Cette réussite est confirmée à l’international avec des flux financiers supérieurs à 500 millions d’euros en moyenne sur les dix dernières années, 869 films français exploités à l’international en 2019 et un socle d’entrées supérieur à 40 millions d’entrées depuis dix ans. Aujourd’hui, les plateformes ont compris que leur intérêt n’était pas de délaisser ce qui fait la force et la singularité historique de la création française, à savoir un secteur cinématographique puissant et structuré, capable de produire des œuvres de qualité et de dénicher les nouveaux talents à tous les stades de la création et de les exposer dans un réseau de salles qui est le plus dense d’Europe. Le cinéma, défini plus que jamais par l’exploitation en salles, est ainsi reconnu comme une exception qualitative française.

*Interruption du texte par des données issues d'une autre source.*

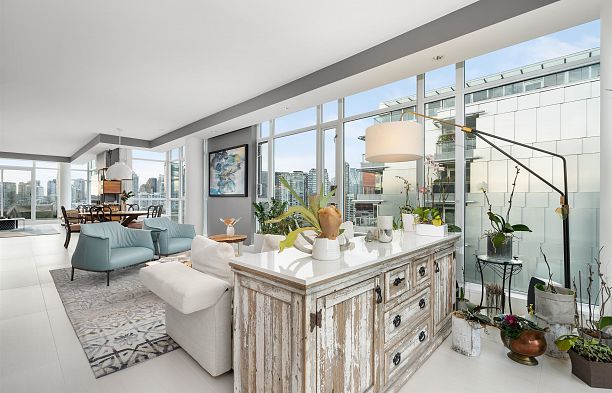 1005 1616 Columbia Street False Creek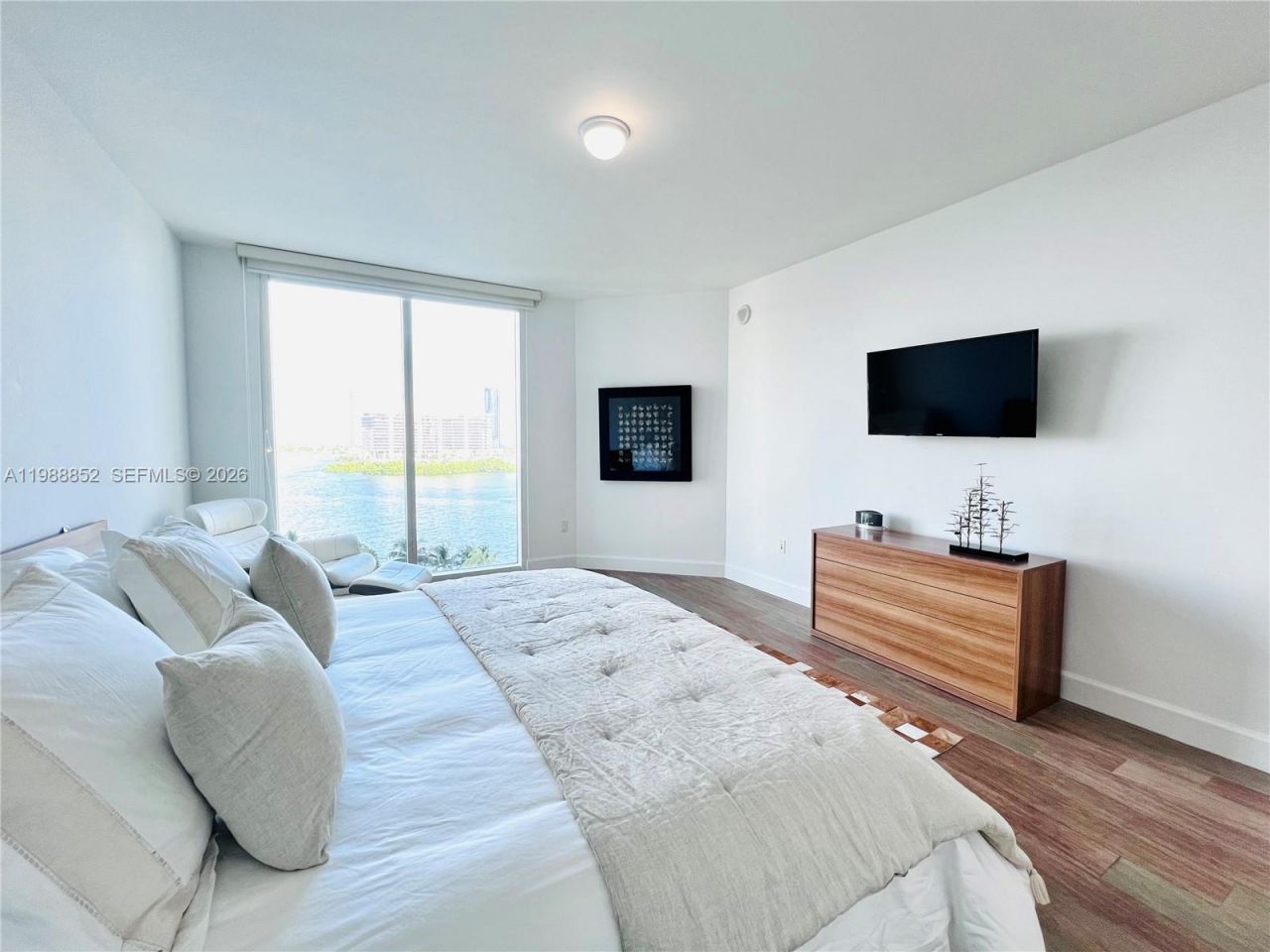 3301 NE 183rd St, Unit 905, Aventura, FL 33160 Photo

En revanche, il est clair depuis le début que l’entrée des plateformes dans la production cinématographique doit s’accompagner d’une adaptation de leur place dans la chronologie des médias, proportionnée à l’importance de leur financement. Cette évolution permettra de concilier un modèle économique qui est aujourd’hui – au moins pour certaines d’entre elles – assez éloigné du cinéma en salles, avec l’exception culturelle française.

Quels sont les volumes estimés de financement à court terme ?
Sur la base d’une année pleine, on peut attendre de l’intégration des plateformes étrangères au financement de la création environ 200 à 250 millions d’euros par an à court terme, dont au moins 20% dans le cinéma, voire davantage si leur chiffre d’affaires continue de croître ce qui est bien la tendance actuellement observée.  

Quel est le calendrier prévisionnel pour la mise en application ? La négociation qui a démarré sur la révision de la chronologie des médias va-t-elle interférer ? 
L’objectif de mise en œuvre est celui qu’a annoncé la ministre Roselyne Bachelot c’est-à-dire la date du 1er juillet 2021. Cela concerne l’entrée en vigueur du décret SMAD, la modification des décrets TNT et Câble-satellite et également la chronologie des médias. L’ordonnance de transposition de la directive SMA a en effet prévu qu’une nouvelle chronologie devait être négociée et qu’en l’absence d’accord dans un délai à fixer par décret, le Gouvernement devra fixer provisoirement – c’est-à-dire jusqu’à la signature et la généralisation d’un accord – les nouvelles fenêtres applicables. Ce délai de négociation vient d’être fixé au 31 mars. Cette date ne signifie pas la fin des négociations : elle constitue un point de rendez-vous, à partir duquel le Gouvernement pourra commencer à travailler à l’élaboration d’un décret en Conseil d’Etat de façon à être prêt le 1er juillet si aucun accord n’avait été conclu à cette date.